According to a 2005 study, maternal filicide occurs more frequently in the United States than developing nations.

On October 2, 2006 31-year-old single mother Elaine Campione took out her video camera and filmed her two young daughters, three-year-old Serena and 19-month-old Sophia, playing around their Barrie, Ontario, apartment. In the footage, clips of Serena coloring in the living room and telling her mother how much she loves her are intercut with Sophia splashing in the bath water while Campione sings “Twinkle, Twinkle Little Star.”

Later, off camera, Campione drowned her two daughters in the family bathtub. She dried off their bodies, put them in their pajamas, and laid the girls hand-in-hand on her bed, a turquoise rosary and a photo album between the deceased sisters. She then took what she thought was an overdose of clozapine (a medication prescribed to treat bi-polar disorder or schizophrenia) and went back into her living room to continue recording.

The video shows Campione now alone, sitting on her couch, sobbing as she rants toward the camera she’s set across the room.
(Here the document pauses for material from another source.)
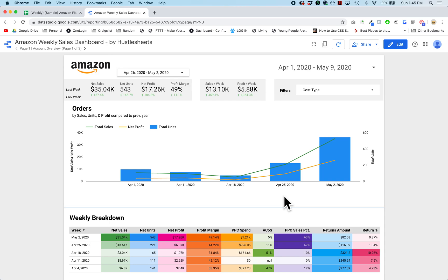Hey everyone, this is Michael from Hustle Sheets. Today I want to show you a dashboard I built for Amazon FBA sellers. This is one of the best dashboards I've built and I'm really excited to show you how it works. There are basically three pages for the entire report and I'm going to walk you through the features of each page. I'm using my own FBA account but I've modified the product names into random products.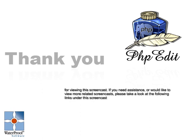Thank you for taking your time to view this screencast. If you need assistance or you would like to view more related screencasts, please visit one of the following links.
The nearly ten-minute long manifesto is directed at her ex-husband, Leo Campione, whom she claims beat and abused her and their eldest daughter. The couple was in the middle of a heated custody battle. (After their divorce, Campione and the girls moved to a women’s shelter and then assisted living.) The Campiones were due in court later that week.

“Here, are you happy now? The children are gone… How does that make you feel, Leo?” she asks the camera. “I hate you, Leo. You are the devil. You wanted to win; you won. Are you happy? How does it make you feel? Because it doesn’t make me feel great. I’ve lost everything… I’ll never know what my children would have become.”

According to Campione’s own account, she turned off the camera and then passed out, hoping she would die with her daughters. Instead, she woke up a day and half later. Strangely, she turned back on her camera. You can hear the radio still playing in the background, but the living room is filled with natural light.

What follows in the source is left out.